# Silicon Labs 8051 Dev



## CKidder (Dec 12, 2009)

onegreenev said:


> Silicon Labs Development Boards & Kits - 8051
> 
> Worth diving into?


It depends. What do you want to do with it? The Tesla BMS module boards are powered by a SiLabs C8051 so there's a definite use case there. They're decent enough 8 bit processors and seem to be fairly power efficient. The assembly syntax for those processors isn't really that bad. I've seen much more irritating instruction sets (I'm looking at you PowerPC!)

If you're interested in a fairly full featured 8 bit processor that's reasonably easy to develop firmware for, then the C8051 processors from SiLabs aren't too shabby. 

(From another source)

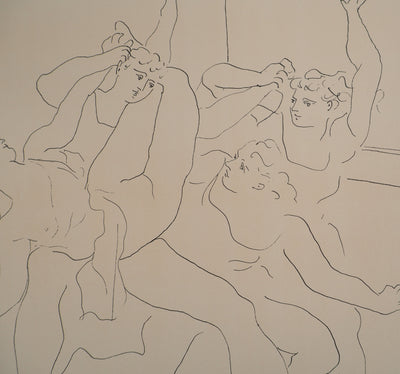 Pablo PICASSO : La danse, Lithographie et pochoir signée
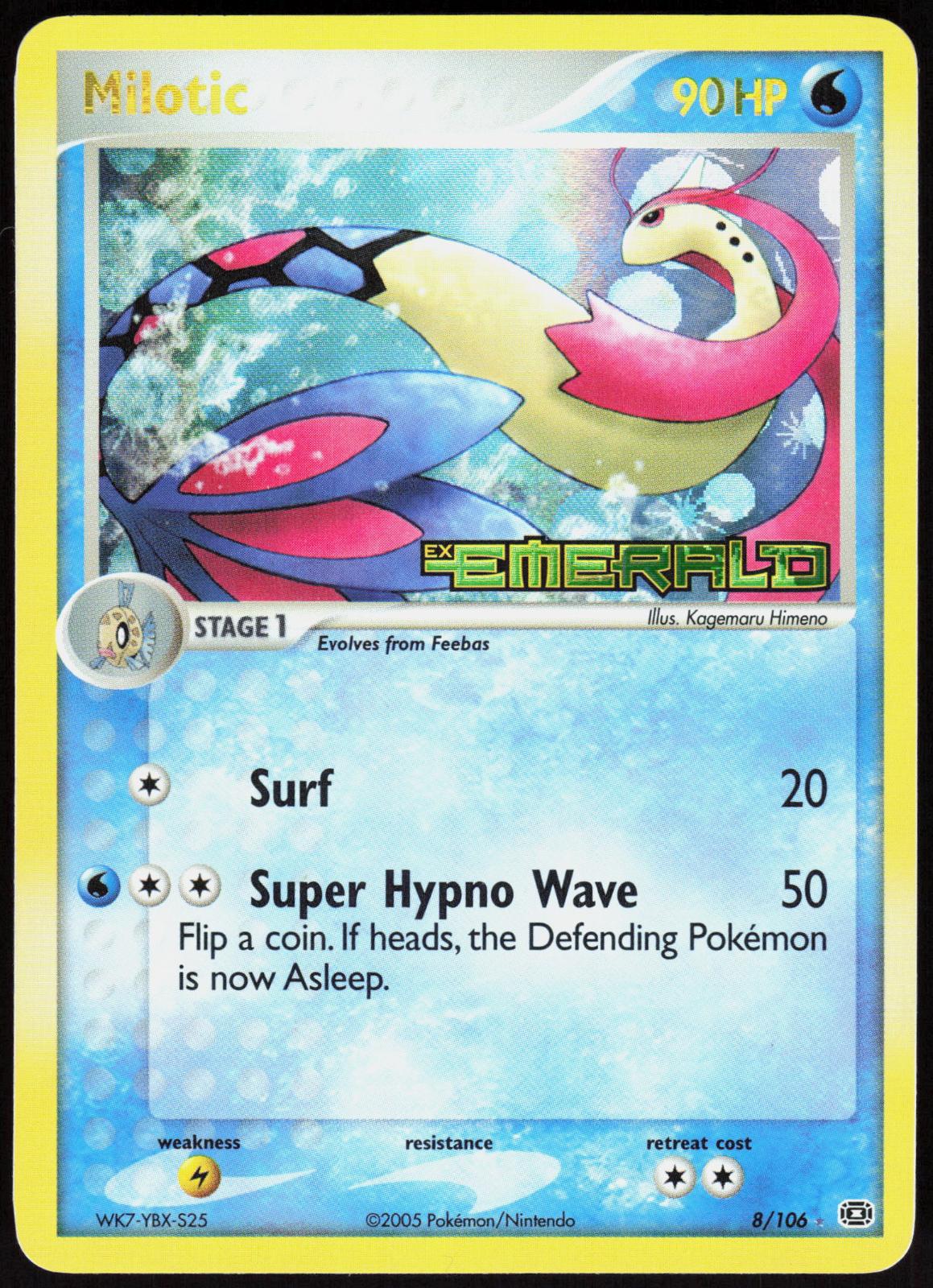 MILOTIC 8/106 EMERALD POKEMON RARE REVERSE HOLO LP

Really, I'm surprised when people use 8 bit processors these days. They aren't usually that much cheaper than bigger, faster, more full featured alternatives like the ARM Cortex M3. But, I suppose they're likely more power efficient and that counts in some instances. I think I'd rather use a C8051 processor than a PIC8 or ATMega.


----------



## kennybobby (Aug 10, 2012)

Once you learn one assembly language instruction set there is little motivation to learn another--i've been reversing 8051 code since 1984 so it's hard to teach an old dog new tricks...


----------